What squeezed out the other end of the development's digestive tract was a movie that, just seconds in, meaninglessly kills off the three characters Ripley spent the last film saving. The hundreds of aliens were replaced with one small alien dog.
The vast, futuristic landscape was replaced by one dim, dirty building. The frantic gunfights were replaced by scenes of identical, bald cast members staring quietly at the wall. The main character commits suicide at the end.
So what happened?
Budget, mostly. My Alien 3 would have cost twice what Aliens did, with its sprawling sets and swarms of animatronic creatures (remember CGI effects were new and still very expensive in 1991). At the end of all that I'd have an R-rated sci-fi film with almost no chance of making back its budget (Aliens only made about $85 million, $150 million if you adjust for inflation).
So, they settled for this stripped-down version on a budget of $50 million, filmed in an abandoned lead factory. Then, they watched as fanboys like me piled into the theater on opening day anyway.
This is why they're rich film executives, and I live in my car.
#9. A More Faithful The Hitchhiker's Guide to the Galaxy
There was a movie recently that perfectly captured the Douglas Adams experience, the combination of bitter, droll British wit and whale-exploding slapstick that made his novels great. That movie was Shaun of the Dead.
That movie was not, unfortunately, The Hitchhiker's Guide to the Galaxy, a film that floated around Hollywood for about 20 years before it finally appeared in theaters as a flat, lifeless, Americanized lump that was mostly hated by people who liked the book and loathed by people who hated the book.

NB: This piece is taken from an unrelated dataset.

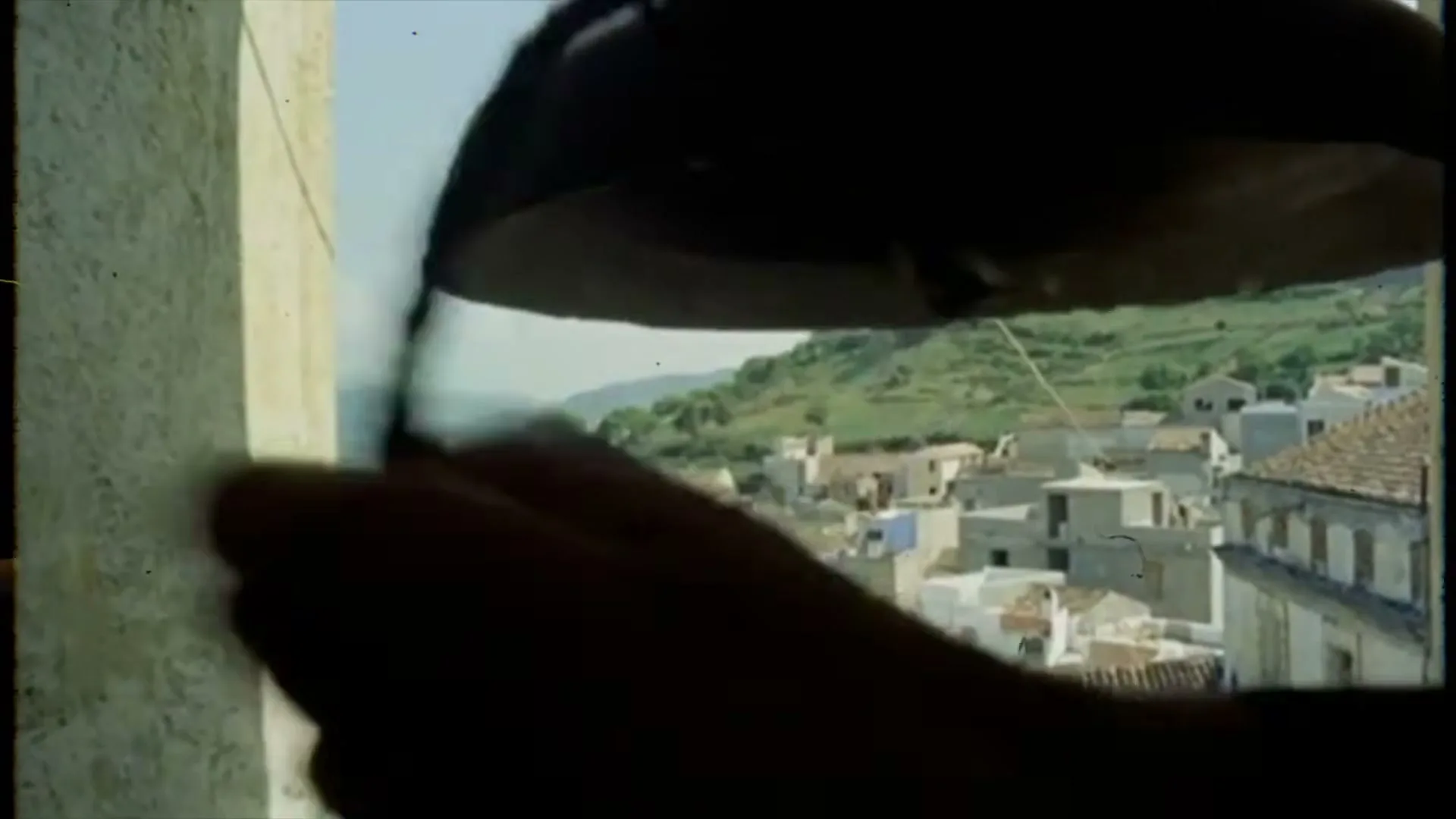 A silhouetted hand rings a large bell in a bell tower, overlooking a village nestled in a green, hilly landscape under a bright sky.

Why? It wasn't funny. Forget the plot elements left out--you can't squeeze an entire novel into a 120-page screenplay. We'd have forgiven all of that if the movie had made us laugh. But, you knew from the opening musical sequence with the dolphins that things had gone awry. The type of person who would find the singing animals hilarious is not the type who would be on board with Adams' relentless, dark humor.
So what happened?
Comedy is hard. Really freaking hard. I know, I tried it, once. And, in a movie there are 1,000 little things that can ruin it--facial expressions, bad timing, the wrong edit. It takes an expert to do it right. The Hitchhiker's Guide to the Galaxy, meanwhile, was directed by a man (Garth Jennings) who had never previously directed a movie. Or, a TV show. Or, anything having sets or actors reading lines. He had no connection to anything having to do with comedy anywhere on his resume.

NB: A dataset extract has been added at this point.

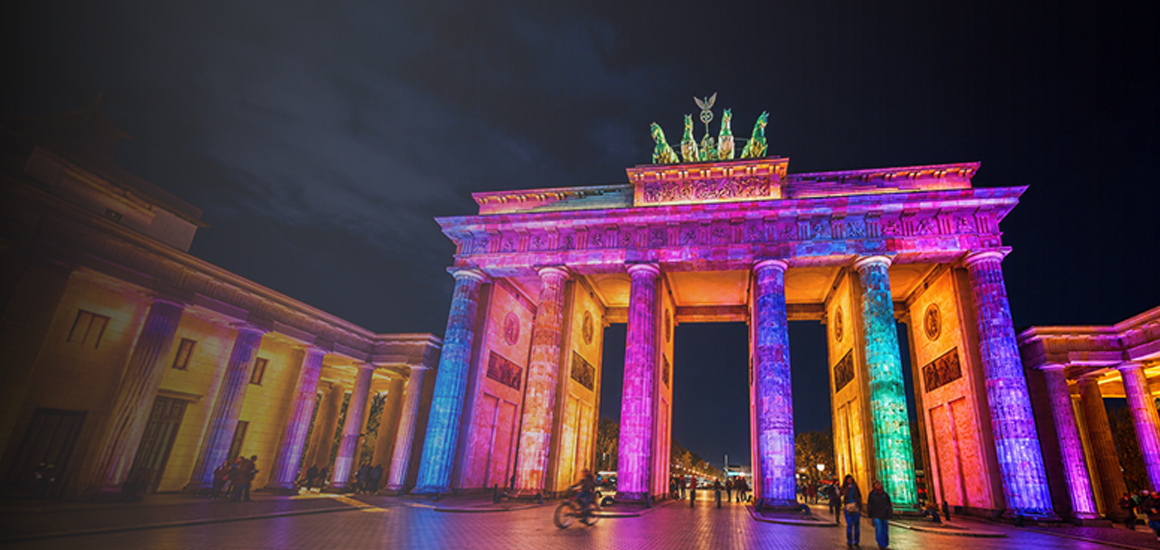 Das Brandenburger Tor erstrahlt bei Nacht in bunten Lichtinstallationen und sorgt für eine stimmungsvolle Festival-Atmosphäre in Berlin.&nbsp;KI-unterstützte Bildgenerierung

Hitchhiker's would have been a tall order for anybody, since most of the comedy was in the narrative language and descriptions, two things that don't come across on film.

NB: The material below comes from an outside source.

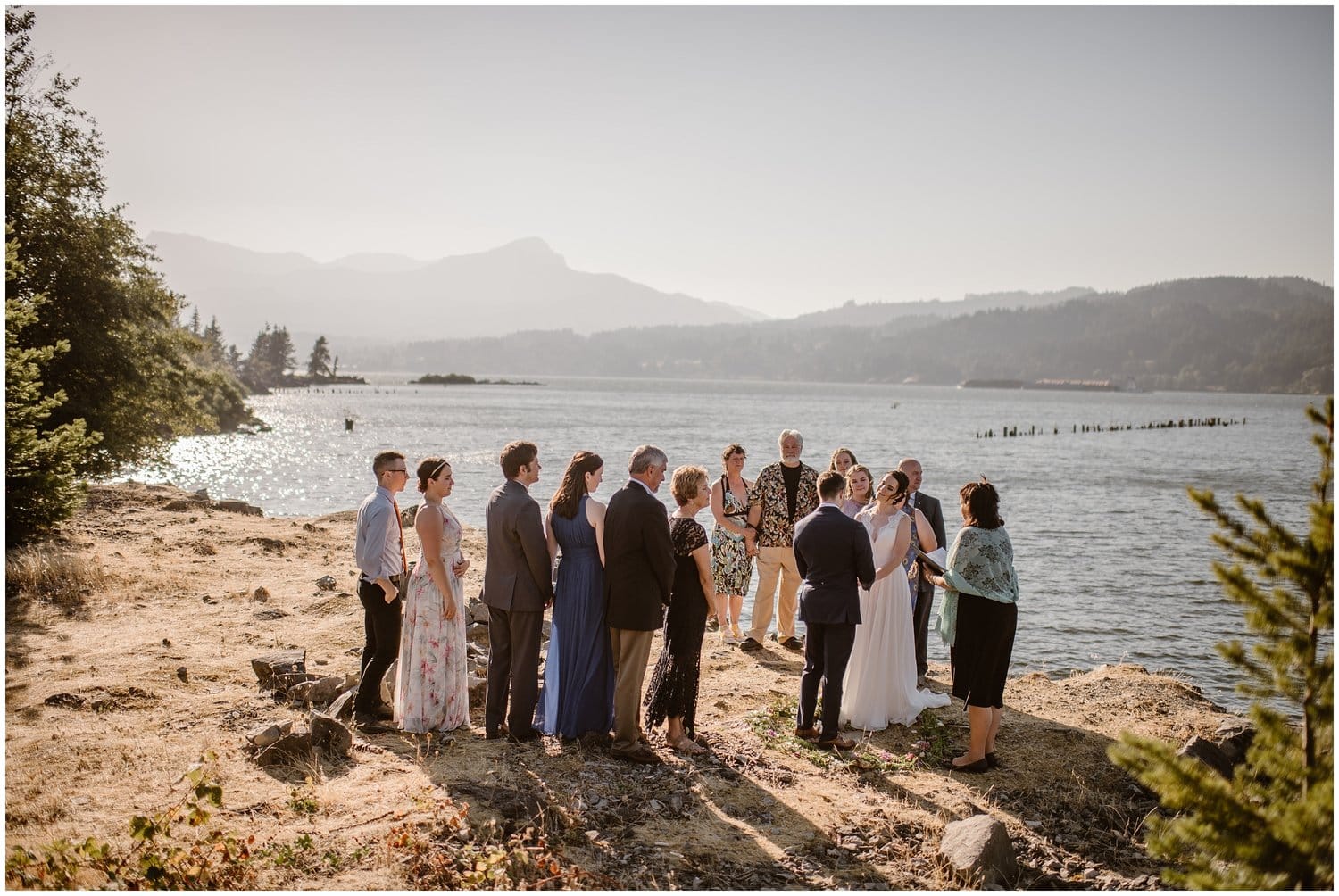 Bride and groom surrounded by friends and family during their intimate elopement ceremony at the Columbia River Gorge in Oregon.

No, this project needed a sharp eye, not somebody who would have Mos Def stiffly parroting passages from the book. It needed someone who would take the Douglas Adams attitude and run with it and take the movie we were expecting and give us something 10 times as insane.
Tim Burton maybe could have done it (though I wouldn't have thought so until Willy Wonka), and Terry Gilliam as well. But from the budget of the movie, I'm guessing they couldn't afford either one of those guys.
Me, I would have settled for Shaun of the Dead's Edgar Wright. Hell, he was even on set (playing a bit role as one of Deep Thought's technicians). They should have grabbed him and sat him in the director's chair. At least he had a TV show on his resume.